Серпилин надел фуражку и молча пожал руку каждому из артиллеристов. Потом показал на могилу и отрывисто спросил:

— Как фамилия?

— Капитан Гусев.

— Не записывай. — Серпилин увидел, что Синцов взялся за планшет. — И так не забуду до смертного часа. А впрочем, все мы смертны, запиши! И артиллеристов внеси в строевой список! Спасибо за службу, товарищи! А ваш последний снаряд, думаю, выпустим еще сегодня ночью, в бою.

Среди стоявших вместе с артиллеристами бойцов Хорышева Серпилин давно уже заметил седую голову Баранова, но только сейчас встретился с ним взглядом — глаза в глаза и прочел в этих не успевших спрятаться от него глазах страх перед мыслью о будущем бое.

— Товарищ комбриг, — из-за спин бойцов появилась маленькая фигурка докторши, — вас полковник зовет!
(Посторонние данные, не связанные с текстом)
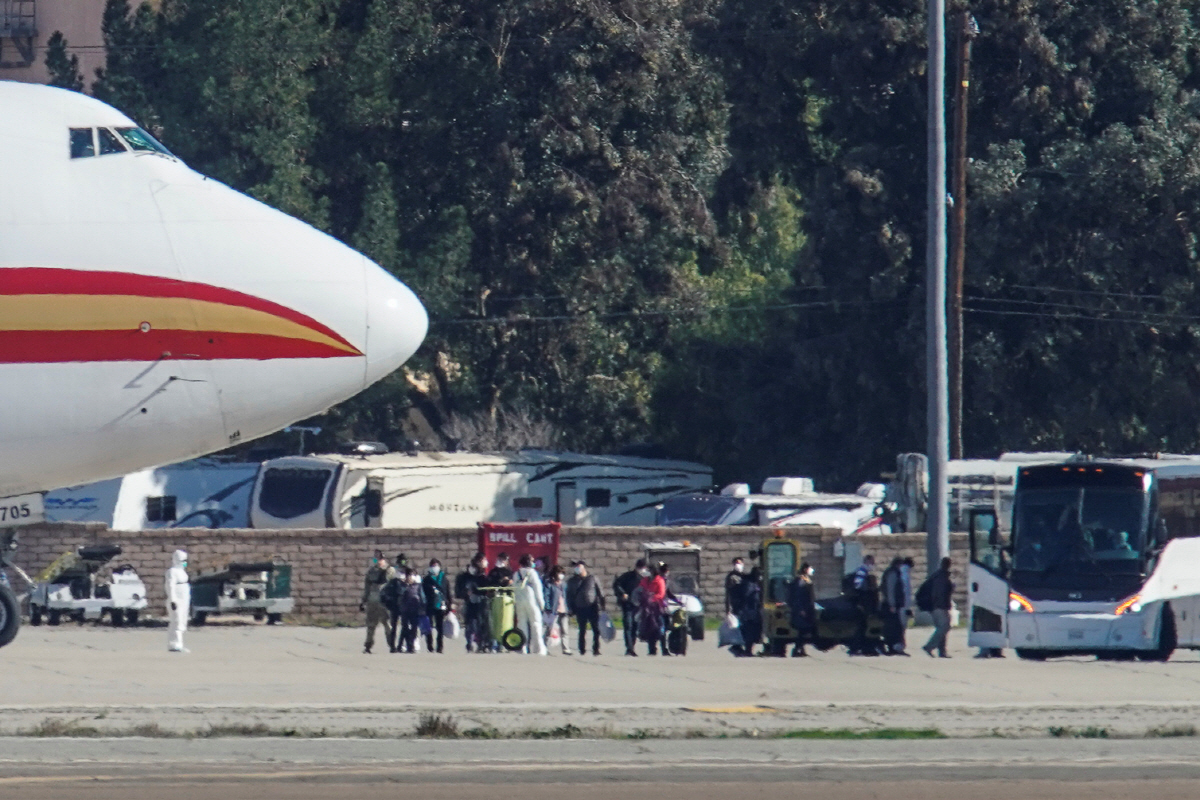 ▲중국 우한에 머물던 미국인들이 지난달 29일(현지시간) 미국 정부가 보낸 전세기편으로 캘리포니아 주 리버사이드 카운티의 마치 공군기지에 도착한 뒤 대기중인 버스에 탑승하고 있다.리버사이드 카운티/로이터연합뉴스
— Полковник? — переспросил Серпилин. Он сейчас думал о Баранове и не сразу сообразил, какой полковник его зовет. — Да, идем, идем, — сказал он, поняв, что докторша говорит о Зайчикове.

— Что случилось? Что ж меня не позвали? — огорченно сжав перед собой ладони, воскликнула докторша, заметив людей, столпившихся над свежей могилой.

— Ничего, пойдемте, поздно вас звать было! — Серпилин с грубоватой лаской положил ей на плечо свою большую руку, почти насильно повернул ее и, все еще держа руку на ее плече, пошел вместе с нею.

«Без веры, без чести, без совести, — продолжал он думать о Баранове, шагая рядом с докторшей. — Пока война казалась далекой, кричал, что шапками закидаем, а пришла — и первым побежал. Раз он испугался, раз ему страшно, значит, уже все проиграно, уже мы не победим! Как бы не так! Кроме тебя, еще капитан Гусев есть, и его артиллеристы, и мы, грешные, живые и мертвые, и вот эта докторша маленькая, что наган двумя руками держит…»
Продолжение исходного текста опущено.